Dunedin artist and motivational speaker Julie Woods, aka That Blind Woman, will join Richard Benge, Executive Director, Arts Access Aotearoa in Parliament on Tuesday, 4 July to present the Arts Access Awards 2017.
“It’s essential that disabled people can work, be seen, heard and valued the same as anybody if we want to live in an inclusive society,” Richard says. “I’m delighted to present the Arts Access Awards with Julie, who is blind. Julie’s script will be in braille and we’ll have some rehearsals beforehand to make sure our cues are correct.
“Last year’s awards highlighted the deaf community and New Zealand Sign Language. This year, we’re acknowledging the contribution of people in the blindness community.”
Julie is an enthusiastic advocate of people having access to the arts. As an ambassador for the Blind Foundation and a founding member of Arts Access Aotearoa’s Art for All Otago Network, she works with regional institutions to improve access to arts and culture for disabled people.
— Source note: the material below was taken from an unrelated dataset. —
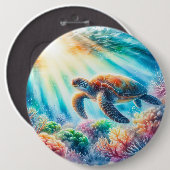 Unter der Meeresschildkröte Button (Vorne & Hinten)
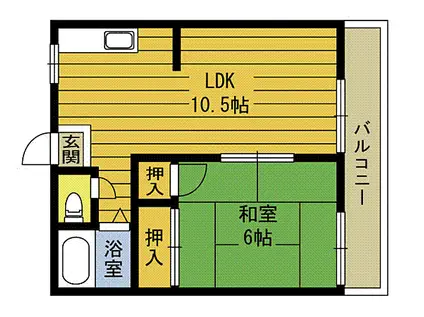 喜多屋ビル(1LDK/2階)の間取り写真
“Art is a powerful way to have a voice,” Julie says. “It’s vital that we ensure everyone has access to resources so they can enjoy and create it.”
Determined not to let her blindness get in her way, Julie has a daunting list of achievements. She has published an autobiographical self-help book, How to Make A Silver Lining; walked nine half-marathons; visited 50 countries in 50 years; and refereed three naked rugby games.
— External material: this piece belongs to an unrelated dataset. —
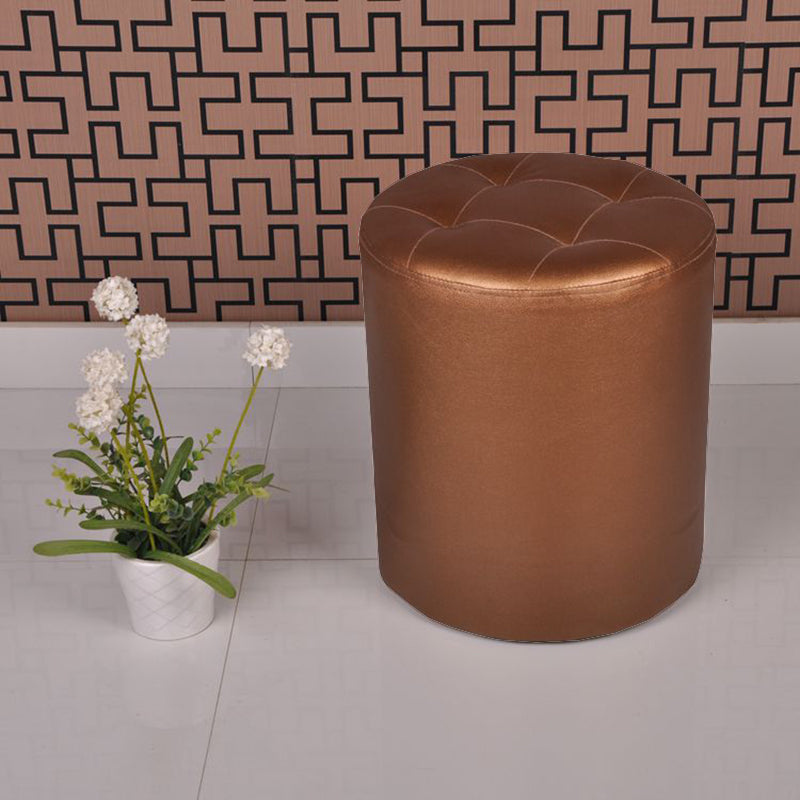 Mid-Century Modern Pouf Ottoman PU Leather Upholstered Tufted Solid Color Round Ottoman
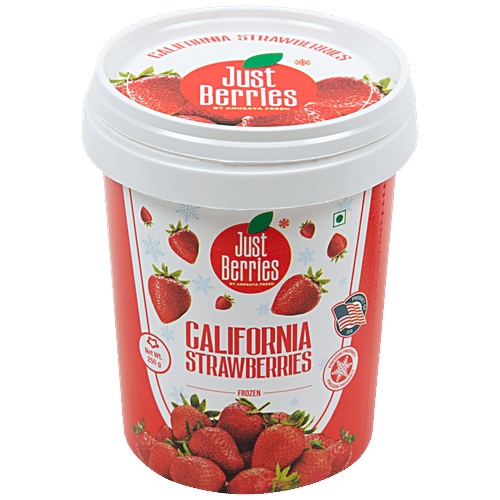 Just Berries Frozen California Strawberries - Rich In Antioxidants & Minerals, 250 g  Rich in Antioxidants
 Minerals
In 2013, her show 50 Shades of Braille featured in the Dunedin Fringe. It used an edible braille montage to spell out a sentence from the novel 50 Shades of Grey to demystify the sexuality of blind people.
In addition to art, travel and writing, Julie also holds demonstrations of her “Cooking Without Looking” skills for dieticians, business associations and peer support organisations.
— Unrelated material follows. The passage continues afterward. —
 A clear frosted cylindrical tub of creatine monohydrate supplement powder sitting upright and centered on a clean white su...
In keeping with this year’s focus on the blindness community, a finalist in the Arts Access Artistic Achievement Award, Mark Wilson, will entertain guests during the reception in the Grand Hall of Parliament.
Mark Wilson, a singer, composer and pianist from Queenstown, is blind. He learned to play the piano as a child by ear in the supportive musical environment of Homai College. A friend later persuaded him to apply to The University of Auckland to study performance, where he became the first braille reading musician to gain a Performance BA (Mus) degree in classical music.
Today, Mark performs in Central Otago, playing a wide variety of genres. He is an organist for the local church and has published a book of original hymns. He plays jazz and popular music with many local bands, and has performed at jazz festivals up and down the country. He calls his unique solo style “jazzical”, which is a blend of classical music with creative and innovative jazz solos.